The add-comment action adds the given parameters as comment to any associated rule.
So for example
action = add-comment This is a sample command
would add a comment “This is a sample command” to associated issues.
If no parameters are given, no comment gets added.
The add-standard-comment action adds predefined comments to associated issues for change abandoned, merged, restored, and patch set created events. For other events, no comment is added to the associated issues.
The added comments contain the person responsible for the event (abandoner, merger, …), the change’s subject, a reason (if one has been given), and a link to the change.

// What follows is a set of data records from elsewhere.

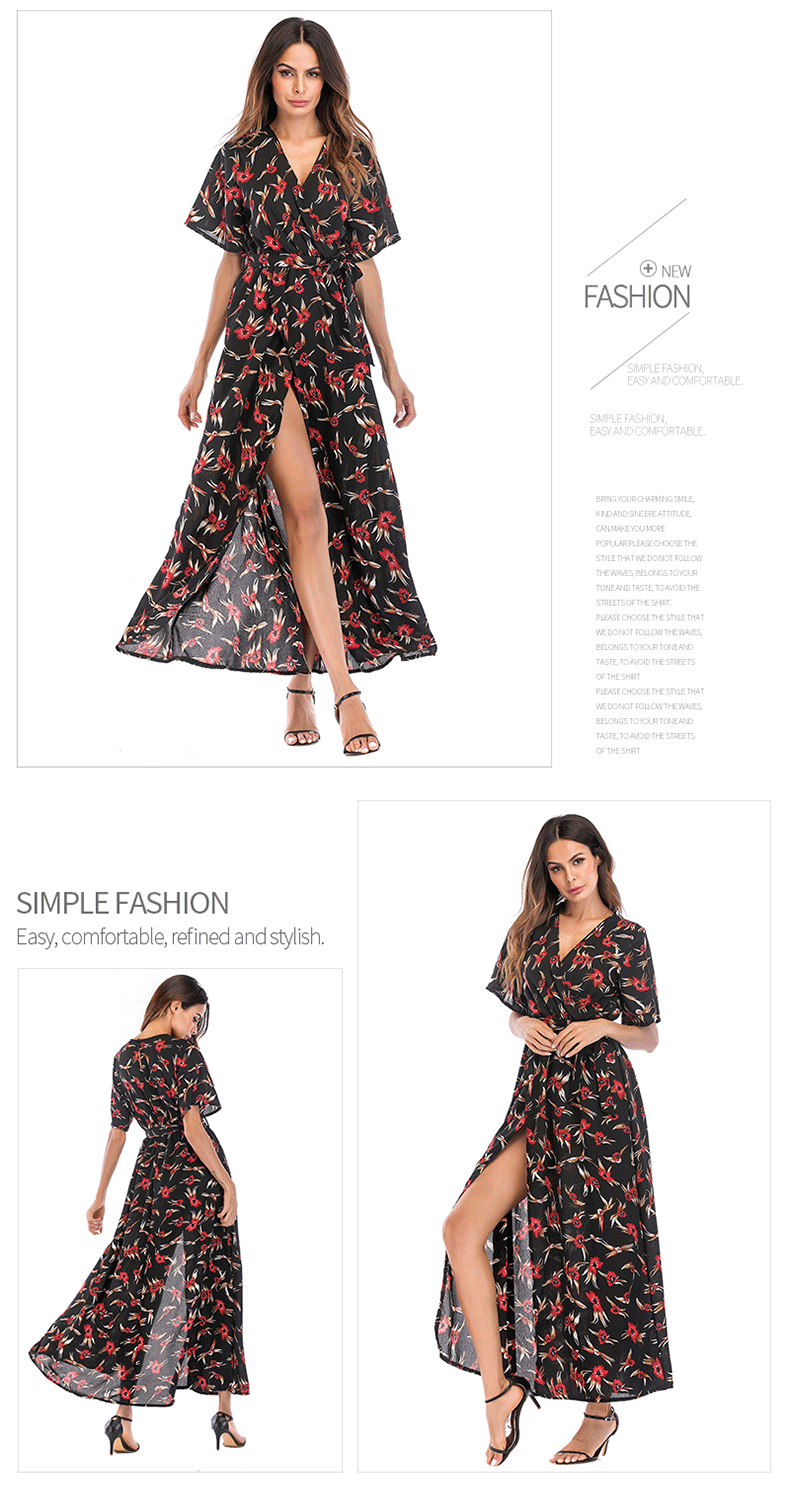 retro floral V-neck slit short-sleeved chiffon dress wholesale clothing vendor Nihaostyles NSDMB69670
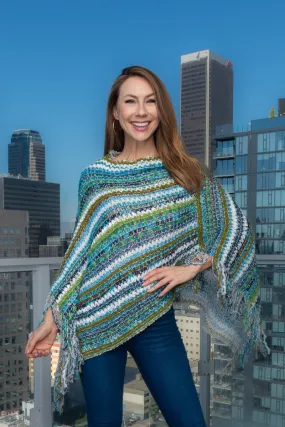 Woven V-Neck Fringe Light Multicolor Poncho Shaw (BKT4023)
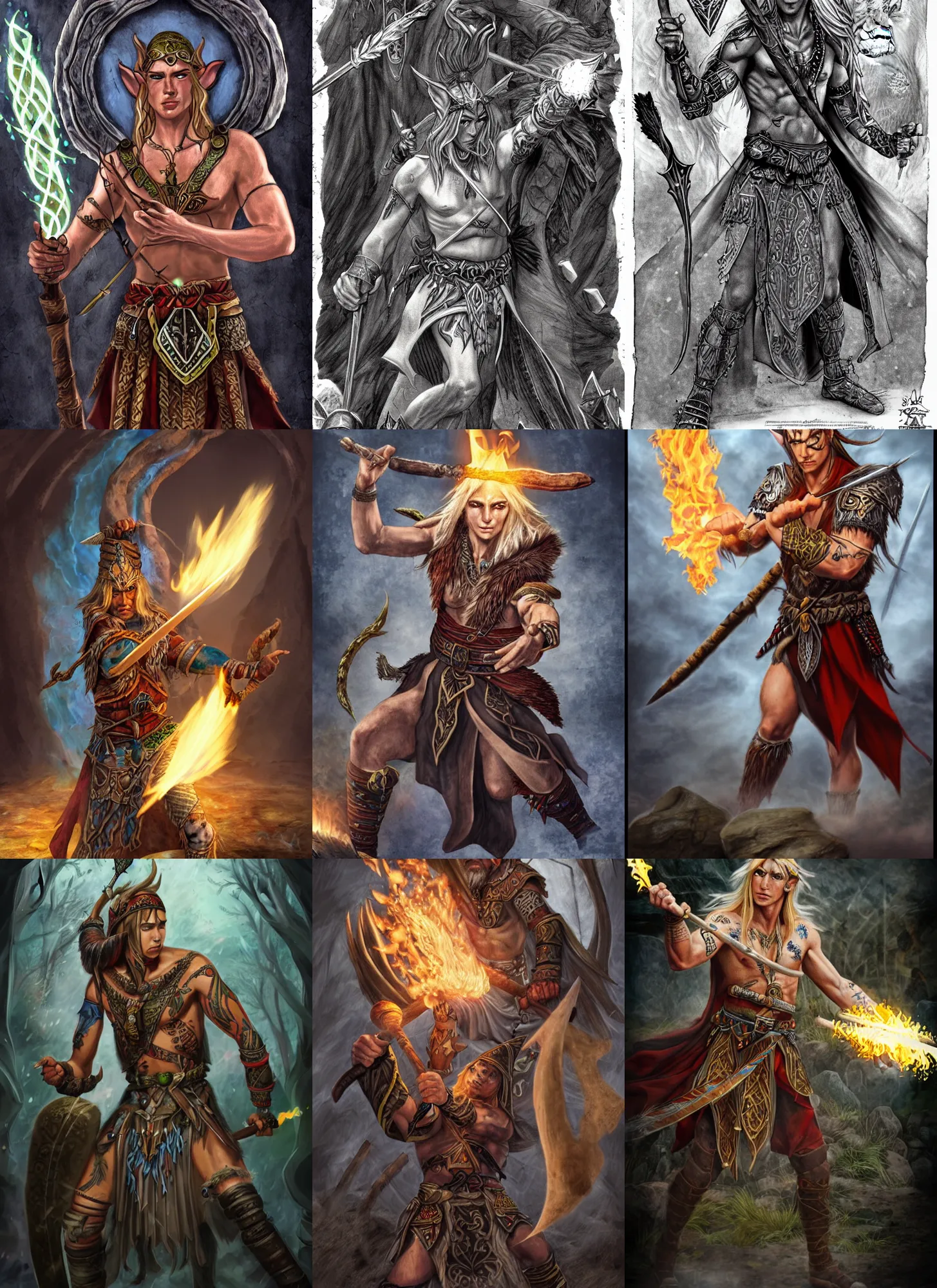 Prompt: half elf battle shaman doing magic with stone and fire, male, blond, detailed, tatoos, staff, magic, elements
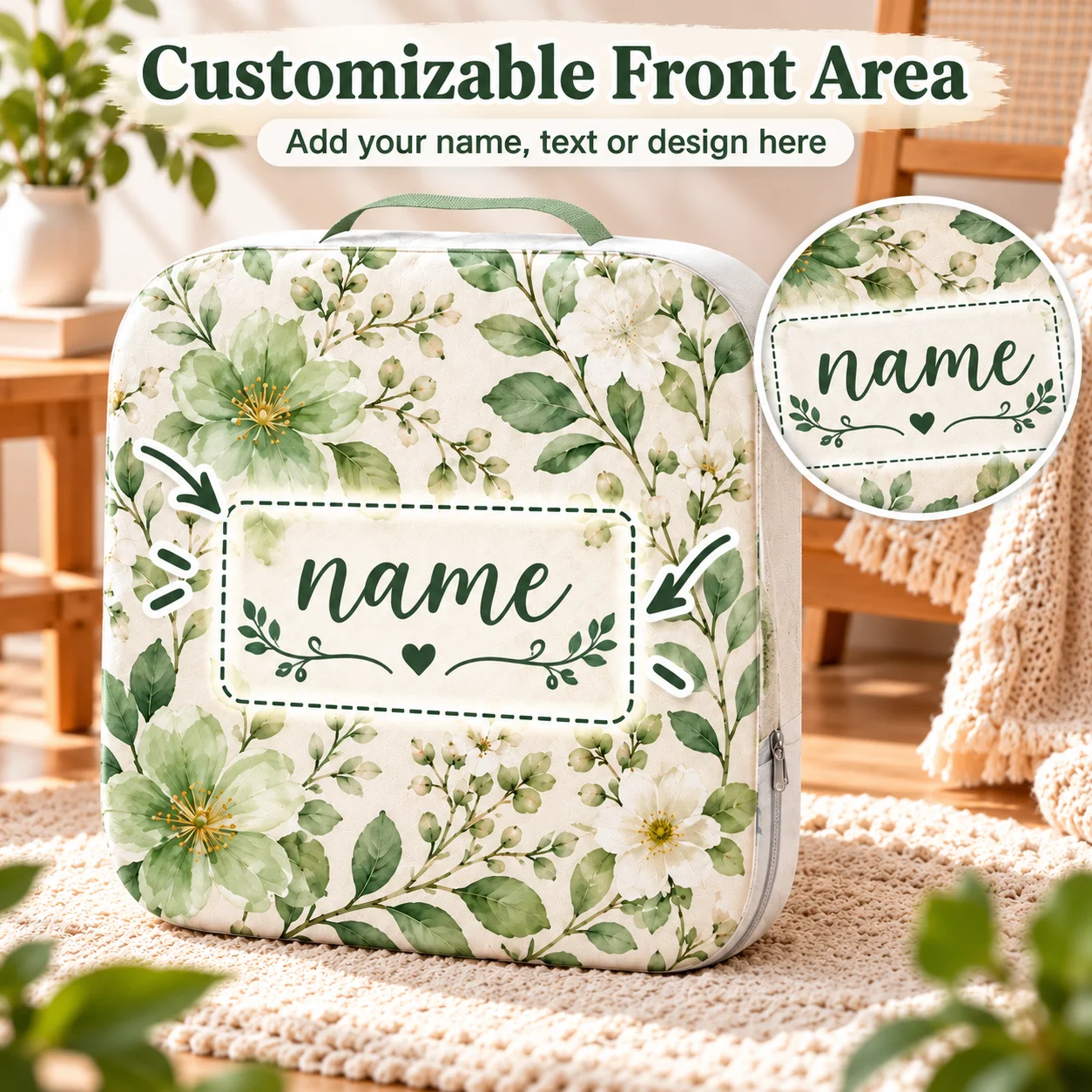 Custom Seat Cushion Peach Skin Fabric Personalized Seat Cushion with Handle for Home Office Chair Outdoor Camping Picnic Travel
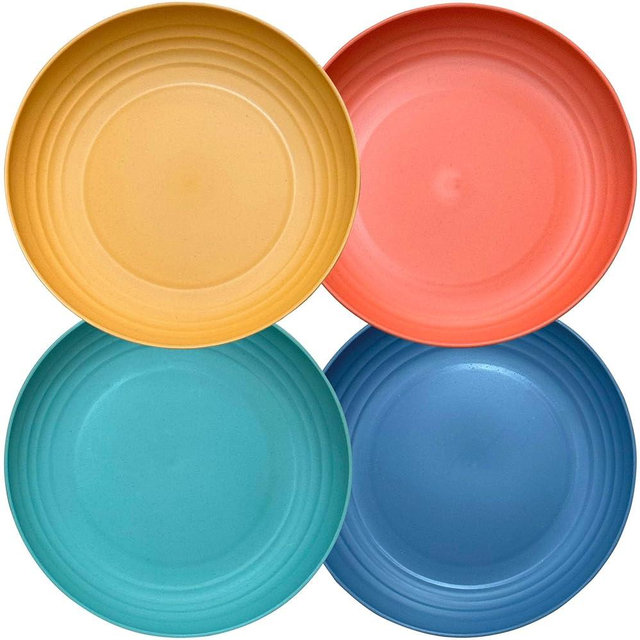 LuckyZone 10 Inches Unbreakable Wheat Straw Plates - Reusable Plate Dinner Set - Dishwasher & Microwave Safe - Healthy, BPA Free & Eco-Friendly (10 Inches/4 Color_H)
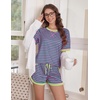 image:imageEkouaer Pajamas for Women Short Sleeve Pjs Sets Crewneck Striped Tops and Shorts 2 Piece Lounge Sets with Pockets SXXLBlue Pink Stripe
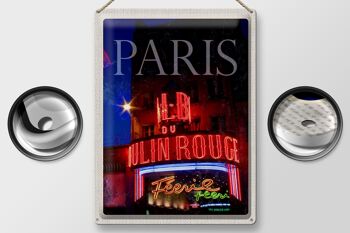 Plaque tôle voyage 30x40cm Paris Moulin Rouge Variété 2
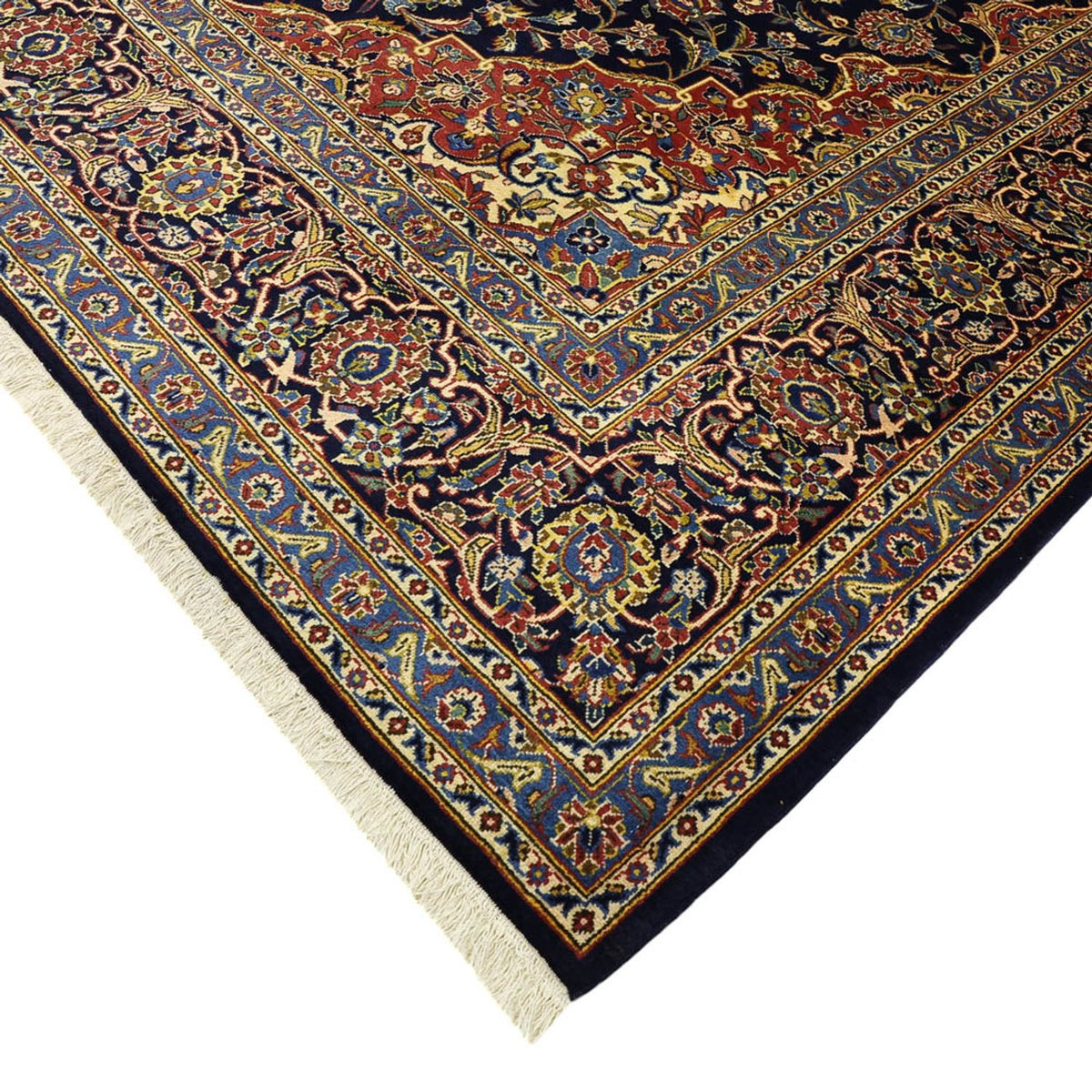 Tapis persan - Keshan - 321 x 221 cm - bleu foncé
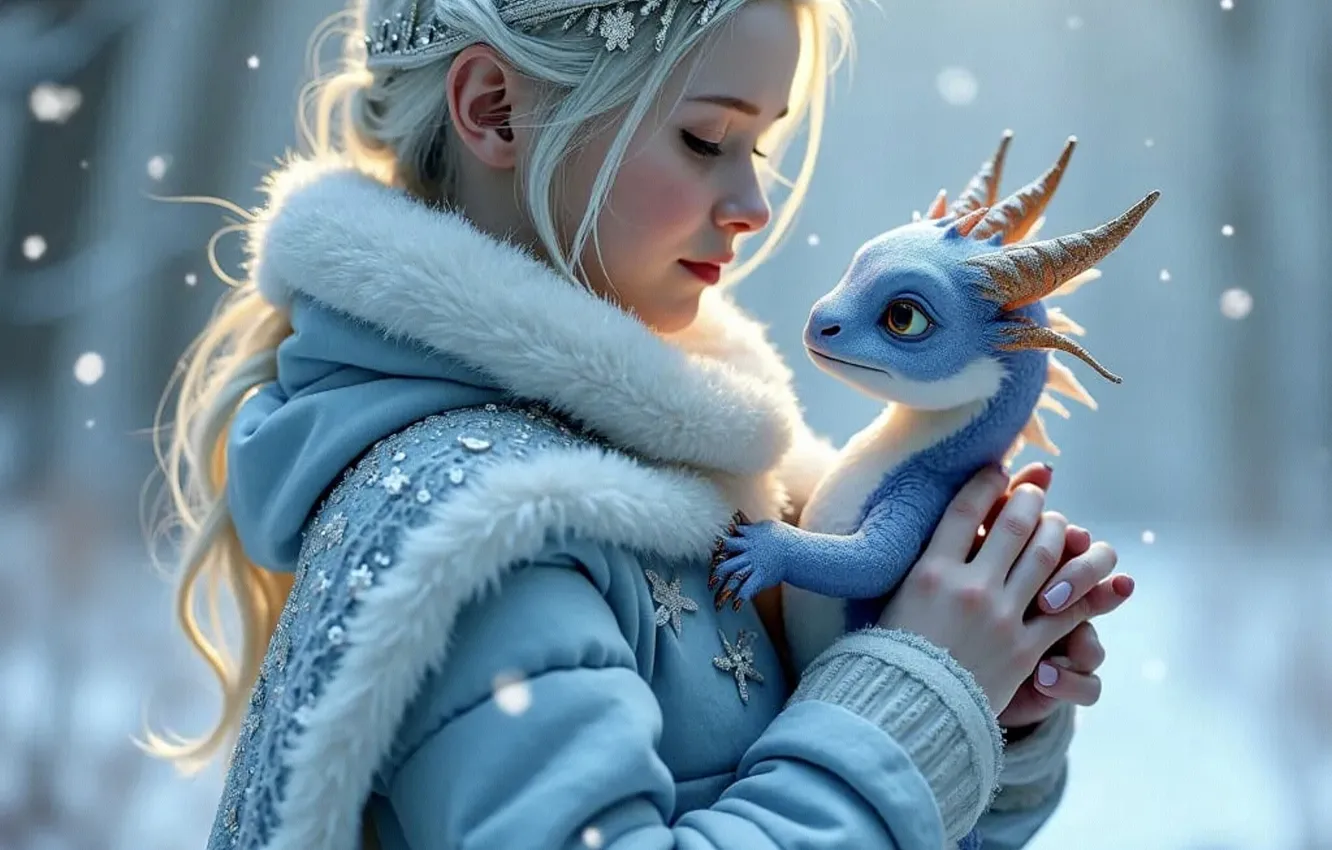 Photo wallpaper winter, forest, girl, light, snow, decoration, blue, dragon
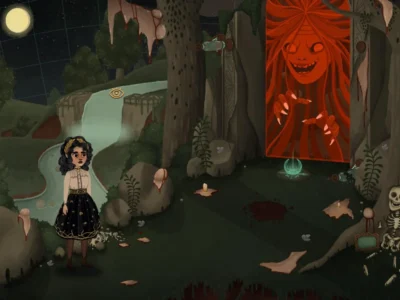 Cenário ilustrado de Allogloom, jogo de mistério e terror desenhado à mão que acompanha a investigação de Nora.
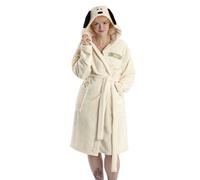 Peanuts Peignoir à capuche Snoopy crème pour femme | Tenue d'intérieur en polaire à manches longues avec oreilles 3D | Pyjama douillet à motif dessin animé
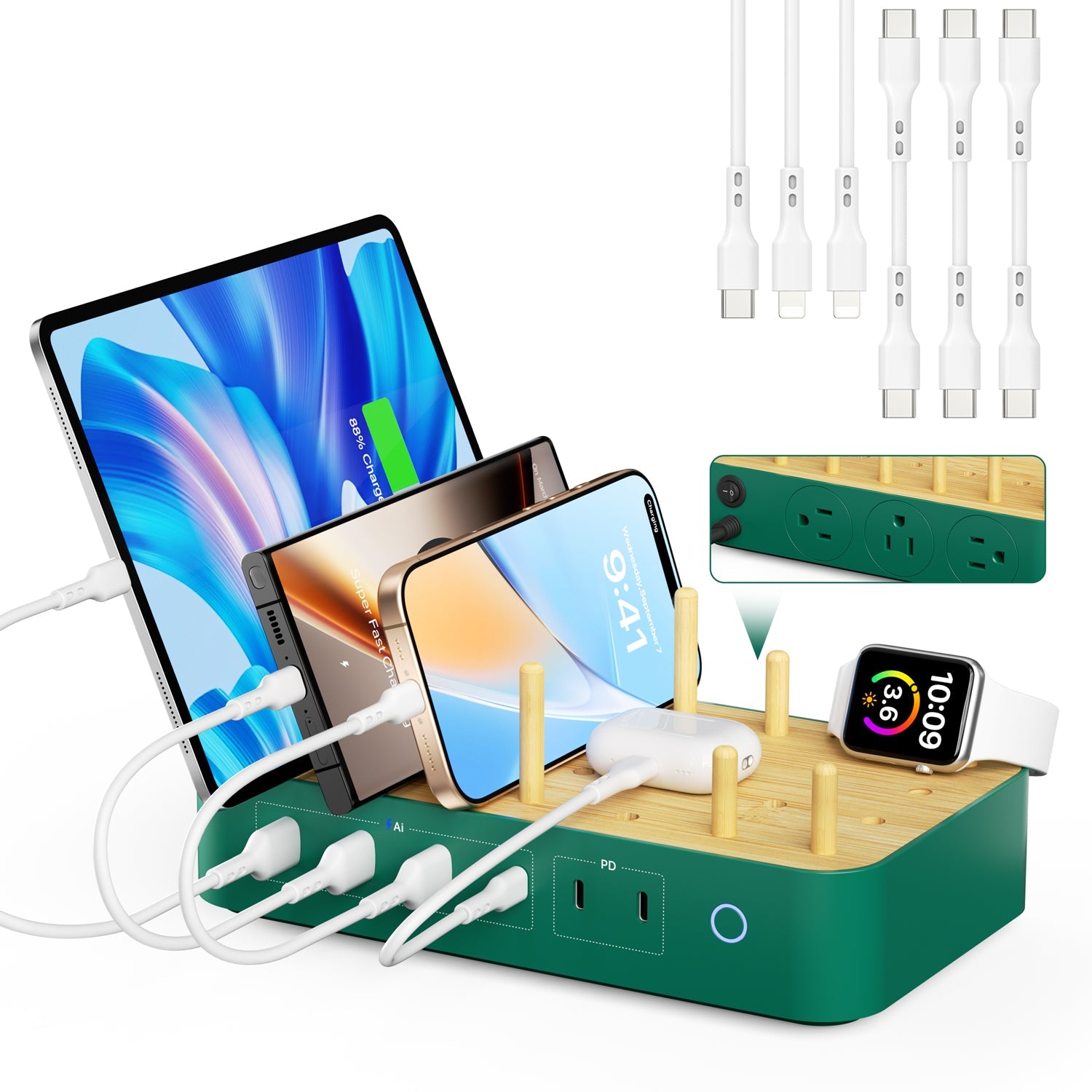 SooPii U3 charging station with 6 ports, 2 PD ports, 3 US AC outlets, and included mixed cables on a white background.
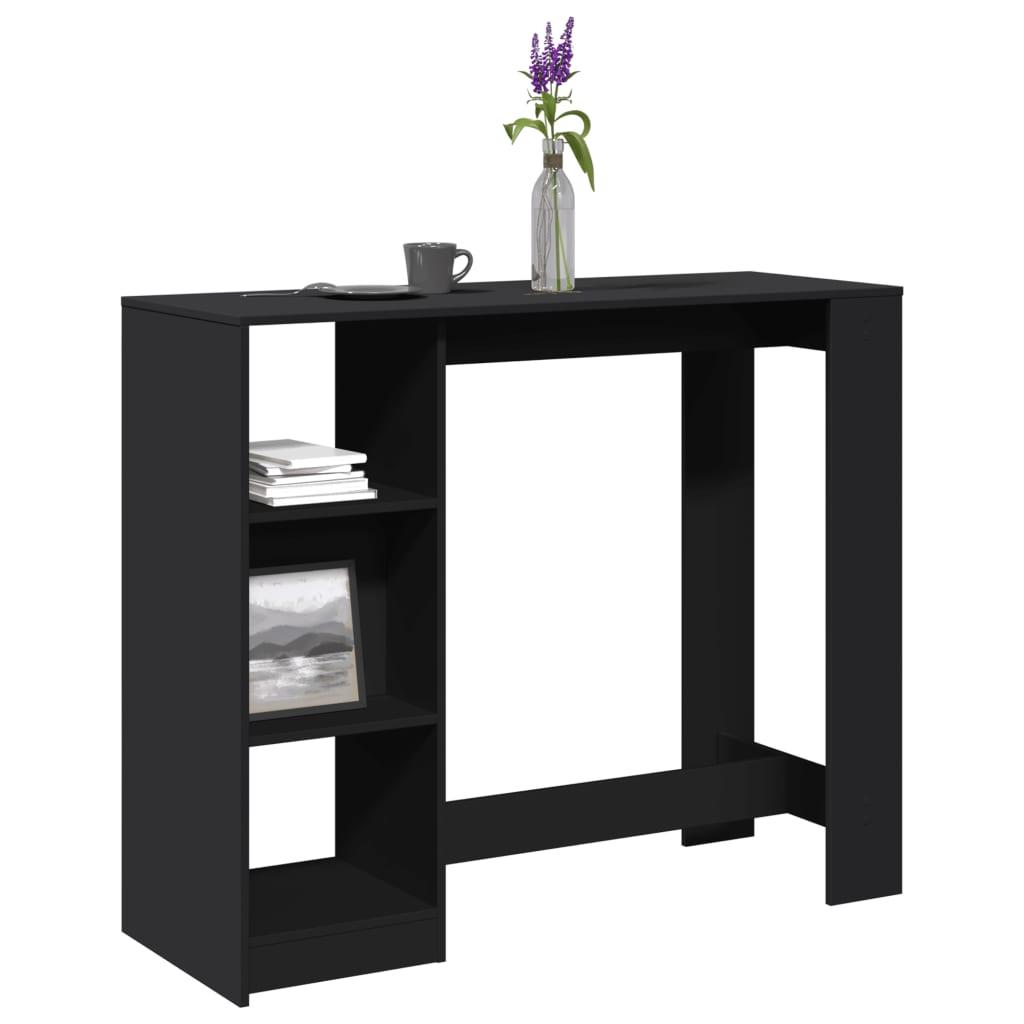 Barbord Med Hylde 124x46x103 Konstrueret Træ Sort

The add-soy-comment action renders a Closure template (soy) for the event and adds the output as comment to any associated issue.
So for example
action = add-soy-comment TemplateName
would render the template etc/its/templates/TemplateName.soy add the output as comment to associated issues.
example for what the soy template will look like (note @param is required with correct variables.)
{namespace etc.its.templates}
{template TemplateName kind="text"}
{@param changeNumber: string}
{@param formatChangeUrl: string}
Comment for change {$changeNumber} added. See {$formatChangeUrl}
{/template}
Any [property][event-properties] of the event may be used from templates. So for example $subject in the above example refers to the event’s subject property, and $changeNumber would refer to the change’s number.
The add-property-to-field action adds an event property value to an ITS designated field.
The field is expected to be able to hold multiple values. The ITS field value deduplication depends on the its implementation.
Example with the event property branch and a field identified as labels:
action = add-property-to-field branch labels
The create-version-from-property action creates a version in the ITS project by using an event property value as the version value.
This is useful when you want to create a new version in the ITS when a tag is created in the Gerrit project.
Example with the event property ref:
action = create-version-from-property ref
The fire-event-on-commits action start by collecting commits using a collector then fire the event on each collected commit.
This is useful when you want to trigger rules on a multiple past commits.
Available collectors are:
since-last-tag: Collects all commits between the current ref and previous tagTo avoid to trigger issue actions twice for the same event, you should condition your rule on the event property source.
Example:
action = fire-event-on-commits since-last-tag
The log-event action appends the event’s properties to Gerrit’s log.
Logging happens at the info level per default, but can be overriden by adding the desired log level as parameter. Supported values are error, warn, info, and debug). So for example
action = log-event error
appends the event’s properties to Gerrit’s log at error level. All other parameters are ignored.
This action is useful, when testing rules or trying to refine conditions on rules, as it make the available properties visible.